Valuation metrics suggest the stock trades at a discount relative to peers, with an Enterprise Value to Capital Employed ratio of 1.2. The Mojo Score of 31.0 and a Sell grade indicate ongoing concerns about the company’s financial health and market position.
Market and Sector Comparison
Within the FMCG sector, Mukka Proteins’ recent performance contrasts with broader market trends. While the Aquaculture sector declined by 3.08% on the day the stock hit its all-time low, Mukka Proteins outperformed the sector by 2.89% on the same day, despite the absolute price level reaching a historic low. This relative outperformance, however, does not offset the broader negative trend seen over weeks, months, and years.

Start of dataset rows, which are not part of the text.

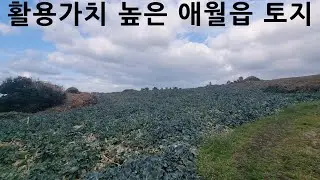 저멀리 바다가 시원하게 보이는 땅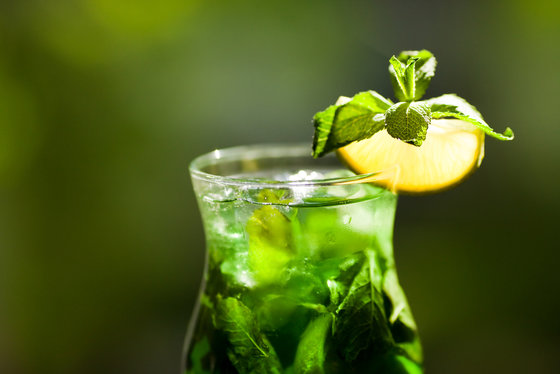 3407372_syrianmintlemonade (560x374, 33Kb)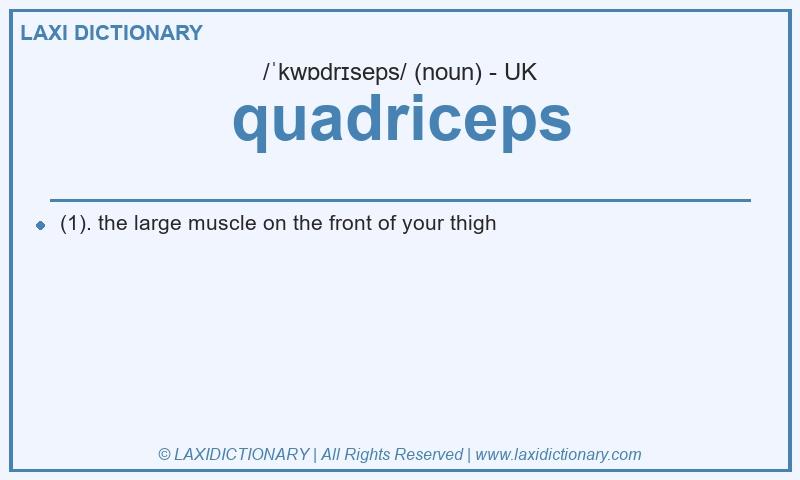 Definition quadriceps in British English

The Sensex’s positive returns over the past year and longer periods highlight the stock’s underperformance in comparison to the overall market. The absence of gains over three and five years further emphasises the company’s challenges in delivering shareholder value.
Conclusion
Mukka Proteins Ltd’s stock reaching an all-time low of Rs.20.74 on 21 Jan 2026 marks a significant event in its market journey. The company faces multiple financial headwinds, including low capital efficiency, high leverage, and sustained declines in profitability. Institutional investor participation has waned, and the stock has underperformed both its sector and the broader market over various time frames. While valuation metrics indicate a discount relative to peers, the overall financial and market data reflect a company navigating a difficult phase within the FMCG sector.